United States District Court, Ninth Circuit

January 10, 2014

MIMI MY HUONG LE, Petitioner,
v.
DEBORAH K. JOHNSON, Warden, Central California Women's Facility, Respondent.

ORDER [Re: Motion at Docket No. 27]

JAMES K. SINGLETON, Jr., District Judge.

Mimi My Huong Le, a state prisoner proceeding pro se, timely filed an "Objection to Judgement and Motion for Reconsideration" at Docket No. 27. Le seeks relief from the Memorandum Decision and Judgment of this Court denying her Petition for a Writ of Habeas Corpus under 28 U.S.C. § 2254 on November 25, 2013, at Docket Nos. 25 and 26. Because Le is seeking reconsideration of the judgment of this Court, and the motion was filed within twenty-eight days of entry of judgment, her motion is treated as a motion to alter or amend the judgment under Federal Rule of Civil Procedure 59(e). See Am. Ironworks & Erectors, Inc. v. N. Am. Constr. Corp., 248 F.3d 892, 898-99 (9th Cir. 2001) ("[A] motion for reconsideration is treated as a motion to alter or amend judgment under Federal Rule of Civil Procedure Rule 59(e) if it is filed within [twenty-eight] days of entry of judgment." (citation and internal quotation marks omitted)); FED. R. CIV. P. 59(e) ("A motion to alter or amend a judgment must be filed no later than 28 days after the entry of the judgment.").

In general, there are four basic grounds upon which a Rule 59(e) motion may be granted: (1) the motion is necessary to correct manifest errors of law or fact upon which the judgment rests; (2) the motion is necessary to present newly discovered or previously unavailable evidence; (3) the motion is necessary to prevent manifest injustice; or (4) there is an intervening change in controlling law. Allstate Ins. Co. v. Herron, 634 F.3d 1101, 1111 (9th Cir. 2011). However, "amending a judgment after its entry [is] an extraordinary remedy which should be used sparingly." Id. (citation and internal quotation marks omitted). Further, a Rule 59(e) motion "may not be used to relitigate old matters, or to raise arguments or present evidence that could have been raised prior to the entry of judgment." Exxon Shipping Co. v. Baker, 554 U.S. 471, 485 n.5 (2008) (quoting 11 CHARLES ALAN WRIGHT & ARTHUR R. MILLER, Federal Practice and Procedure § 2810.1, 127-28 (2d ed. 1995)).

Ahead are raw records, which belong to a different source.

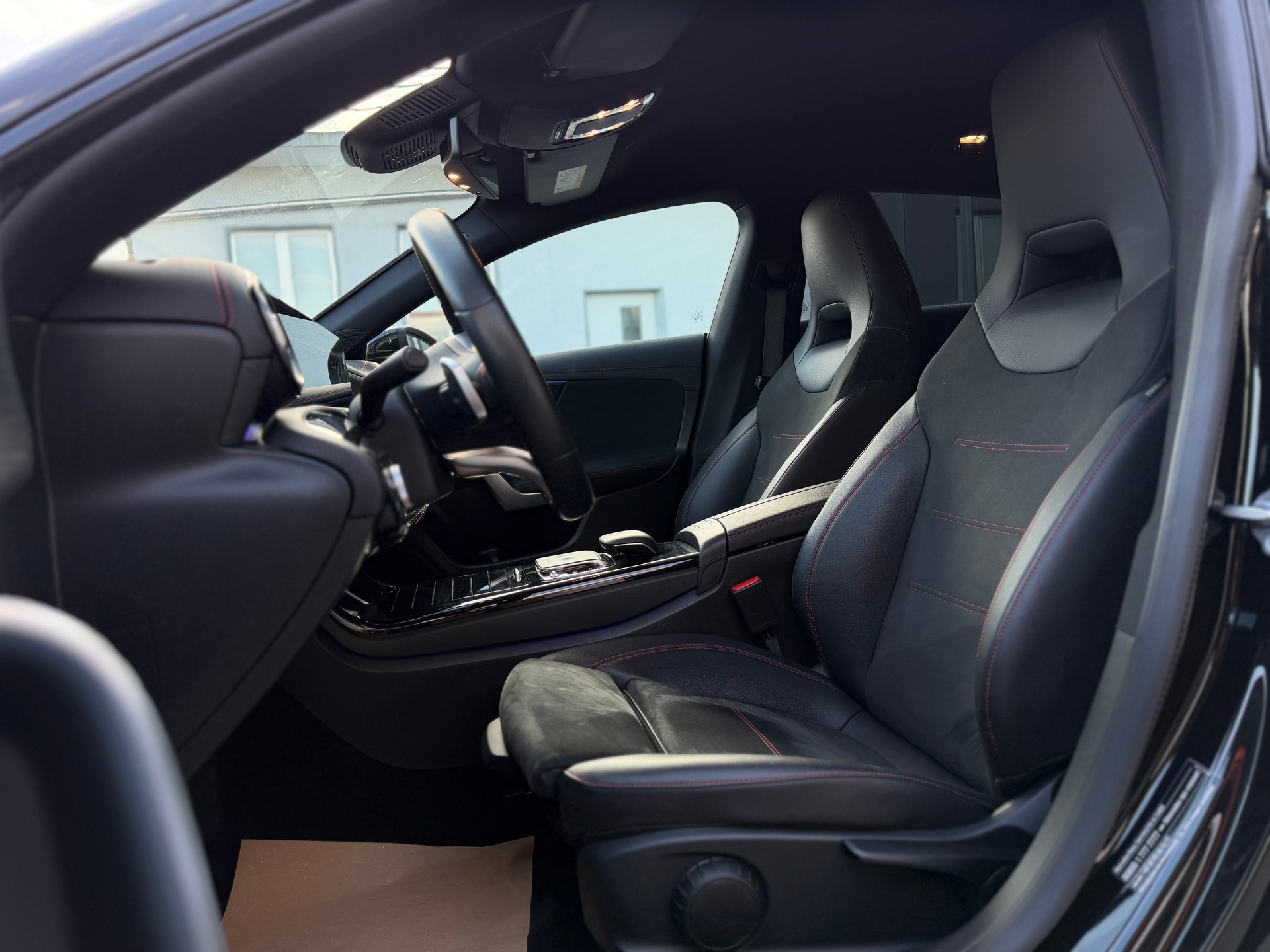 MERCEDES-BENZ CLA Shooting Brake 220 7G-DCT AMG Line-image-9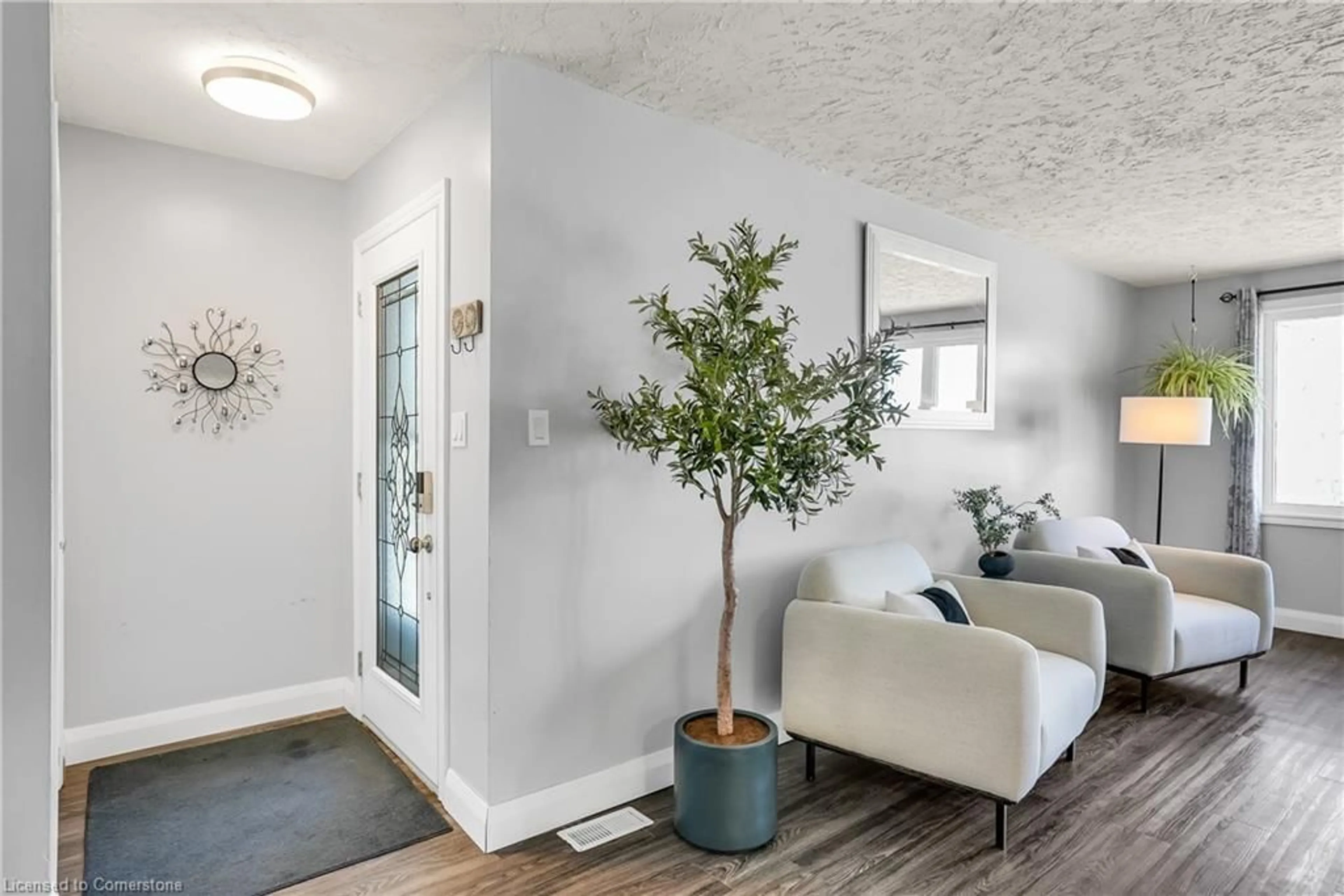 Indoor entryway for 101 Rothsay Ave, Kitchener Ontario N2B 3S5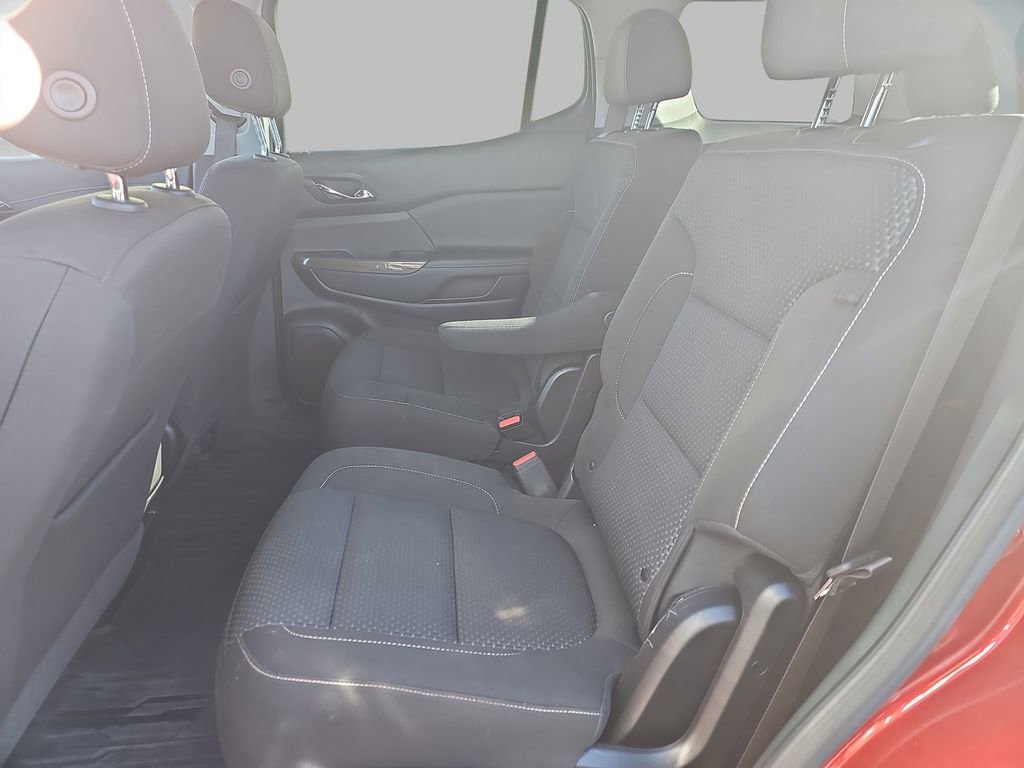 Certified 2023 GMC Acadia SLE w/ Driver Convenience Package image 19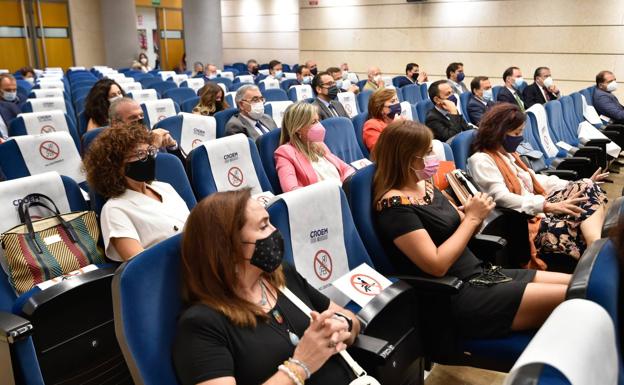 La patronal sostiene que la subida del SMI costará 9.000 empleos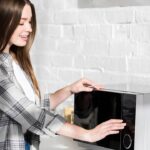 Os 6 alimentos que parecem inofensivos, mas são perigosos no micro-ondas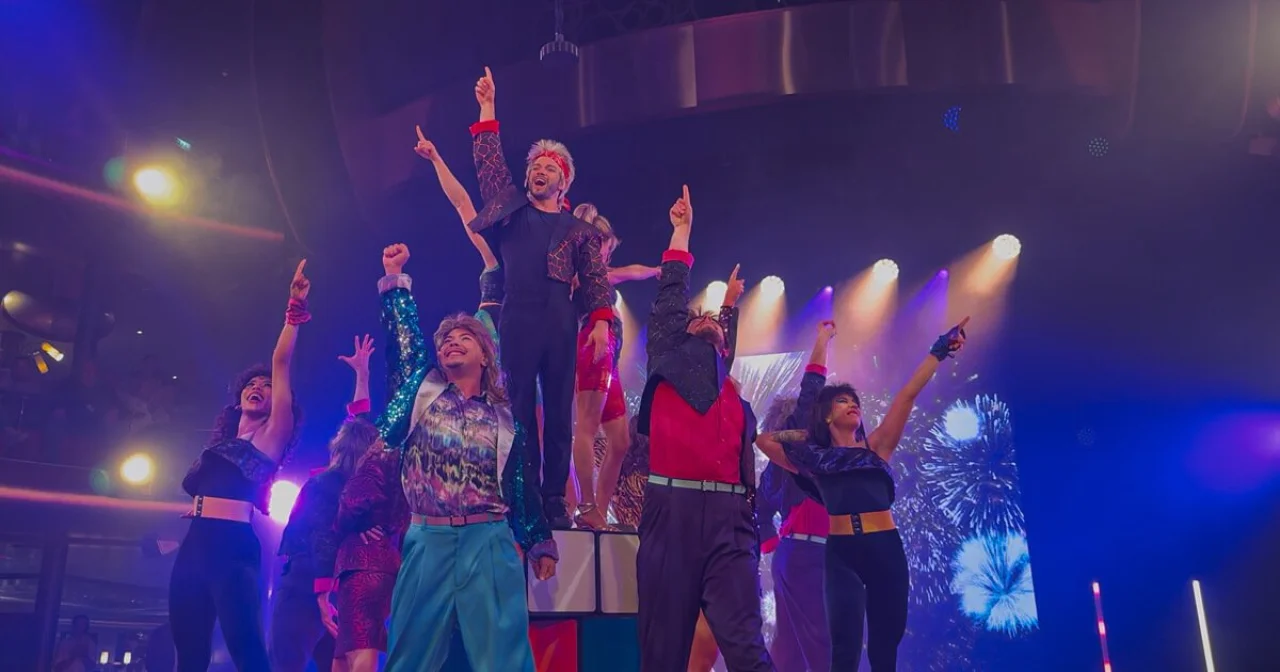 Eine Showgruppe auf der Bühne im Theatrium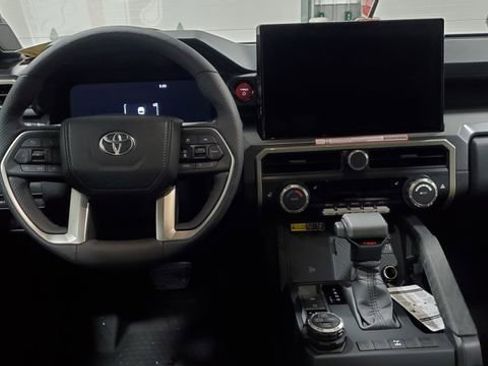 New 2026 Toyota Tacoma TRD Off-Road AWD/4WD image 12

Le has not made an adequate showing under any of the four basic grounds for reconsideration referenced above; rather, she simply repeats arguments raised in her Petition and Traverse. Le has failed to provide any basis upon which this Court could reconsider its decision.

IT IS THEREFORE ORDERED THAT the Motion to Alter or Amend the Judgment at Docket No. 27 is DENIED.

IT IS FURTHER ORDERED THAT the Court declines to issue a Certificate of Appealability. See 28 U.S.C. § 2253(c); Banks v. Dretke, 540 U.S. 668, 705 (2004) ("To obtain a certificate of appealability, a prisoner must demonstrat[e] that jurists of reason could disagree with the district court's resolution of his constitutional claims or that jurists could conclude the issues presented are adequate to deserve encouragement to proceed further.'" (quoting Miller-El v. Cockrell, 537 U.S. 322, 327 (2003))). Any further request for a Certificate of Appealability must be addressed to the Ninth Circuit Court of Appeals. See FED. R. APP. P. 22(b); Ninth Circuit R. 22-1.